The last couple of weeks have felt like the apocalpyse. What started off as the end of the world in Ukraine slowly inched into the conflict in Gaza, found its way to Iraq and culminated in Ferguson, Missouri. While these so called apocalyptic events in each instance claimed several lives, the event that hit home the most for me came via a text on Monday night that Robin Williams had taken his life. I read the text in disbelief and let out a low scream. It was not blood curdling by any means but filled with so much anguish. I never met Robin Williams but I grew up with him. He was the gentle voice of the genie, but more importantly, he was Mrs. Doubtfire. Celebrity deaths often invoke some deep sense of loss, often the loss is borne out of the sense that an irreplaceable dearth has been created, but importantly, these deaths are a reminder that these individuals had reached what we see as the pinnacle while still succumbing to the demon of dissatisfaction.
I am particularly sensitive about the passing of Williams because it brings to the forefront an oft overlooked subject, that of mental illness. There are pink ribbons for breast cancer and Livestrong bracelets for all other cancers. There are walks each year for the March of Dimes and now ice buckets for ALS but rarely is the subject of mental health given the spotlight it deserves. Yet, every forty seconds, someone in the United States commits suicide and nearly half a million Americans are hospitalized annually for attempting suicide. Suicide is such an attractive option when life seems bleak because in the moment it purpots to offer a permanent solution to what the victim fails to realize might indeed be a truly temporary problem.
Unfortunately, mental illness is largely stigmatized and while some sufferers are comfortable enough to rattle off a list of their symptoms and corresponding prescriptions, others suffer in silence. Few people want to be seen as unstable, however, at some point in life most of us will be victims of a form of mental illness, most commonly depression. Mental health issues are viewed narrowly as signs of weakness and an inabilty to ride out the storms of life. For people in the spotlight like Williams, depression can be even harder to deal with, as their lives are lived in the public often without channels to retreat into for brief brushes with normalcy. Not only does celebrity strip some people of a sense of normalcy, but social media avenues empower trolls, who are nothing but bullies behind screens with the power to tear down and cast aspersions. Those close to Williams note that on screen he was hilarious and bore a certain largess of personality, a buoyancy that sadly devolved once the stagelights were dimmed. He craved adulation and lived for the affirmation of the audience, going from a booming voice onstage to a shamefaced Wizard of Oz persona just newly discovered to be a mere apparition.

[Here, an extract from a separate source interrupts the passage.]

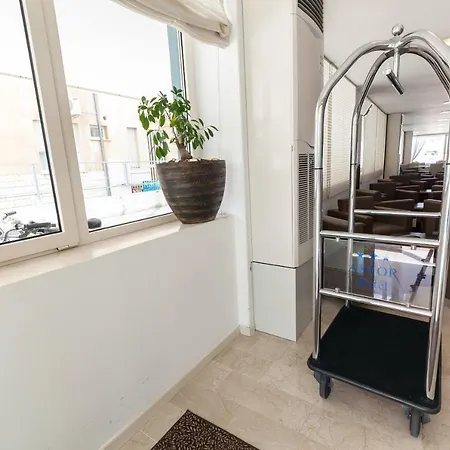Отель Astor 3*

The largess of personality and excessive exuberance that turn into extreme loneliness and despair in private characterize some sufferers of depression who are prone to suicide. Backed into a corner by life's challenges, most sufferers of depression are unable to imagine pulling out of their deep gloom or envisioning a light at the end of the tunnel of despair. Writing for the New Yorker, Andrew Solomon notes that "at one level, the suicide of young people is obviously more tragic than the suicide of older people; youths have more life ahead of them, more of a chance to work things out. At another level, middle-aged suicide, the vanquishing of someone who has fought off the urge for decades is especially catastrophic." Solomon notes that for most older people who end up so tragically, there is an acknowledgement that things might never turn around, never get better and the light in the candle is easier to blow out because hope seems so elusive.
Hope does sometime seem elusive and in some instances the choice to end one's life might seem an attractive option. I am not a mental health professional by any stretch, but suicide in my opinion is not a sign of selfishness or cowardice. For those who take that route, it might have seemed the only escape. I remember a friend describing suicide as a final decision made in a moment of despair that ultimately becomes the last decision ever made. His remarks were prefaced by an admonition to seek help but how can that be heeded when those who are mentally ill are mocked and derided and viewed as weak? I often remind people that mental illness can happen to anyone and that the mind can get sick just like the body can. Why is it acceptable to entertain open conversations about a knee surgery but not one on schizophrenia? Why do we talk about manic depression in hushed tones but speak of kidney failure in higher decibels. Why is society unwilling to address mental health issues with the audacity that is indeed necessary?
Interestingly, suicide is so contagious and if anything, as the protests in Ferguson and the gun fire in Iraq occupy our attention, the news of the passing of Williams will provide more than a few someones who have been contemplating suicide with the impetus to do so. The rationale often is if someone as celebrated as Williams could end his life in spite of his wealth and gravitas, they can too. So while we are glued to world events many families will be making funeral arrangements spurred by the news of Williams' own tragic death. Suicide is preventable, but we need to address the problem at the root. A light needs to be shone on mental illness and the stigma needs to be erased because suicide does not have to happen, it can be prevented.